A medida que puedo ir analizando las cosas desde el punto de vista de una espectadora, no puedo evitar darme cuenta que uno de los procesos más graduales y profundos que nos ocurrió como población fue la enajenación del pensamiento crítico. Los años de adoctrinamiento social y político no pasan en vano.

En las dos últimas décadas, en el aire ha flotado esta idea enrarecida de que todos tenemos que pensar de una manera única, que cualquier disidencia es peligrosa y malvada. Mientras estuve adentro, pensé que, al no formar parte del grupo adoctrinador, estaba a salvo de sus ideas.

Fui ingenua al pensar que quizás, si no veía los canales de televisión del Estado, ni escuchaba las cadenas televisivas de un presidente megalomaníaco, y mantenía un mínimo de contacto con todo aquello que seguía sucediendo más allá de las fronteras… Quizás eso me salvaría. Podría darme el lujo de conservar ese pensamiento crítico que poseemos todos y que nos constituye como seres humanos únicos.

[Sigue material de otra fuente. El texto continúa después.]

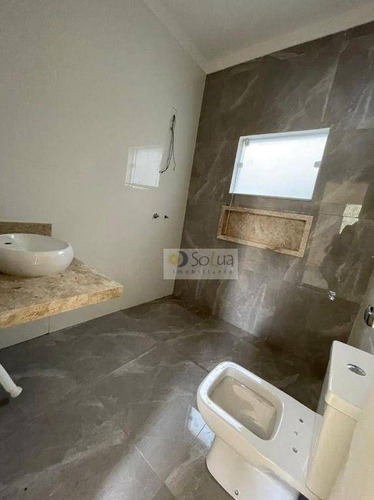 Imagem 11 de 15 de Casa Com 3 Dormitórios À Venda, 109 M² Por R$ 590.000,00 - Residencial Parque Da Fazenda - Campinas/sp - Ca0852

Tuve que emigrar, dejar de respirar ese aire, para darme cuenta que algo de todo eso sí se permeó dentro de mí. Y dentro de muchos más.

Aunque viva en otro país, sigo siendo residente de Twitterzuela, un país que nos hemos inventado dentro de Twitter como un último bastión de opinión libre. Allí se hace evidente que todos tenemos signos de adoctrinamiento ideológico. Normalmente, se camufla entre los millones de tweets que hay a diario, pero durante las recientes elecciones presidenciales de Estados Unidos, los mecanismos miméticos de siempre fueron insuficientes. Quedaron a plena luz las consecuencias de estos últimos 20 años, donde nos han sometido a un estado de delirio colectivo que nos hace ver mesías y demonios en todas partes.

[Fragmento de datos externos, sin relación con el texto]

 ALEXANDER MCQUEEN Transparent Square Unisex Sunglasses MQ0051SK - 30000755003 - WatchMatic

Para algunos, Trump era el demonio a vencer porque les traía flashbacks de Chávez. Para otros, era Biden, a quien acusaban de que instauraría un Estado comunista en Estados Unidos. Todos nos volcamos a defender fervientemente a uno u otro con los mismos argumentos desgastados.

Hubo momentos donde sentí como si todos, incluyéndome a mí misma, tuviésemos el pensamiento crítico hipotecado. Hemos pasado tantos años así, que hemos olvidado que tenemos la capacidad de generarnos opiniones propias y que el que piensa diferente no es un enemigo.

Por un breve momento de lucidez, tuve el lujo de sentirme espectadora de la escena.